> Required work: Your answer must be the full set of records, copied exactly, with no pictures in it.

Data under study Block Start

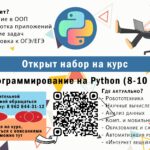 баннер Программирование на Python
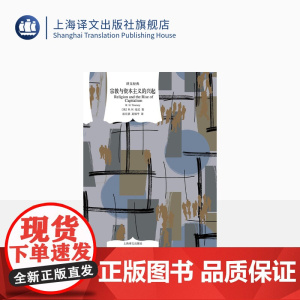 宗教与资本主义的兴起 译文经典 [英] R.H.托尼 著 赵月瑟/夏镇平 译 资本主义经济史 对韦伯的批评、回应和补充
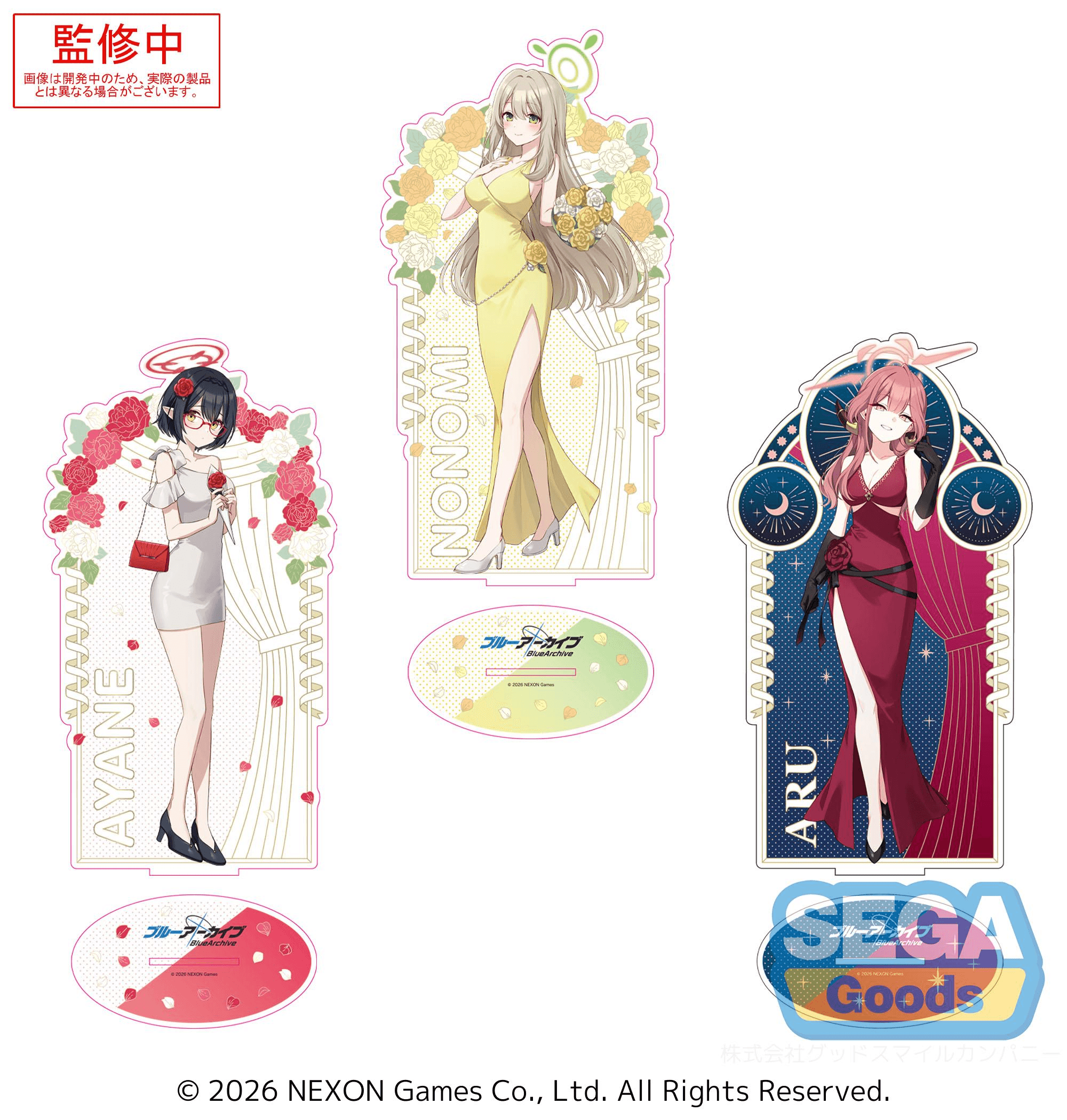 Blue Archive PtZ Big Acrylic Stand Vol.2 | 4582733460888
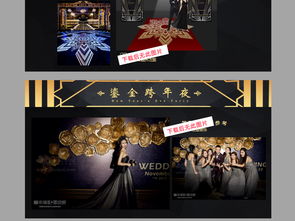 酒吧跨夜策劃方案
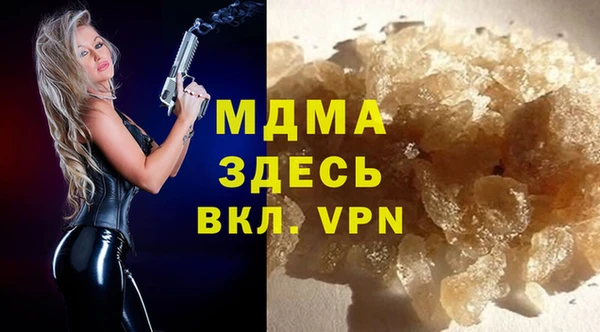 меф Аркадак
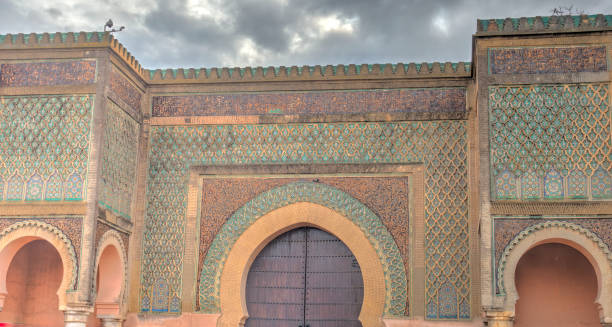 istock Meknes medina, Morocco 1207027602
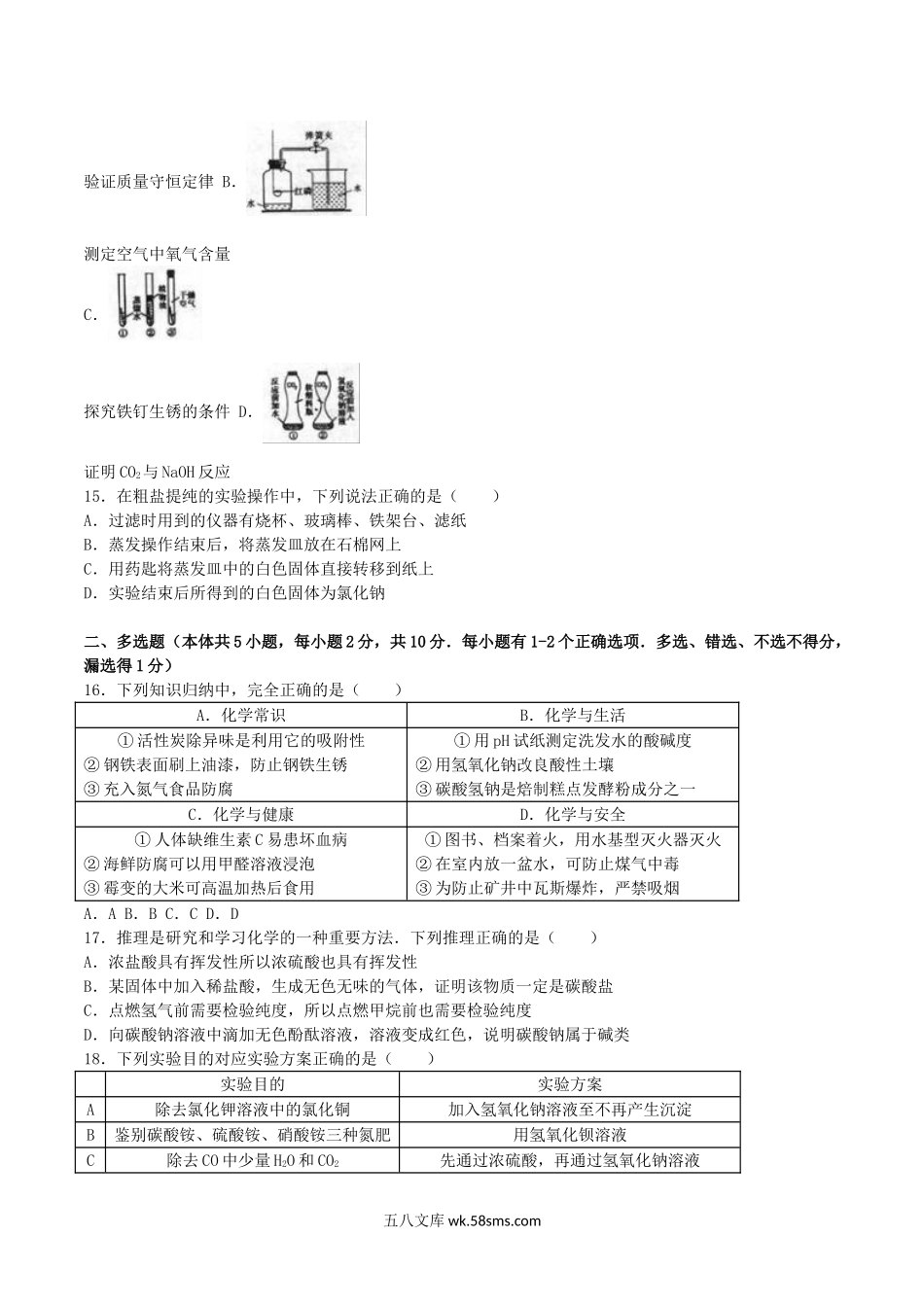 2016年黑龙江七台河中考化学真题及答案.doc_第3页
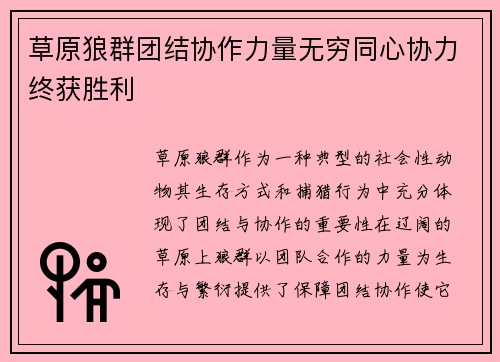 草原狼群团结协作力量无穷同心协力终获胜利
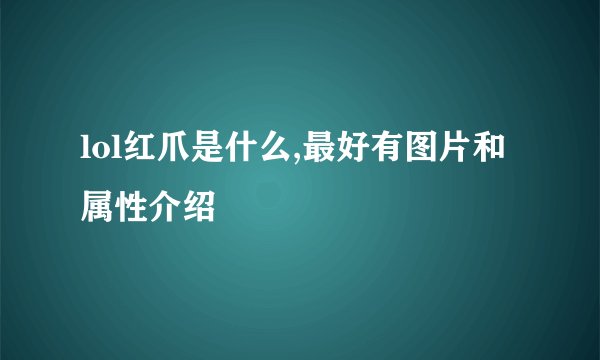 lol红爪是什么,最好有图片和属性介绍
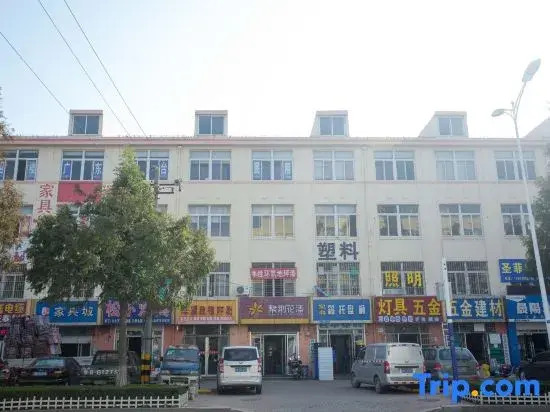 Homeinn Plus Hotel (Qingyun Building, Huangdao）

Data under study Block End

> Exercise output:
 баннер Программирование на Python
 宗教与资本主义的兴起 译文经典 [英] R.H.托尼 著 赵月瑟/夏镇平 译 资本主义经济史 对韦伯的批评、回应和补充
 Blue Archive PtZ Big Acrylic Stand Vol.2 | 4582733460888
 酒吧跨夜策劃方案
 меф Аркадак
 istock Meknes medina, Morocco 1207027602
 2016年黑龙江七台河中考化学真题及答案.doc_第3页
 草原狼群团结协作力量无穷同心协力终获胜利
 lol红爪是什么,最好有图片和属性介绍
 Homeinn Plus Hotel (Qingyun Building, Huangdao）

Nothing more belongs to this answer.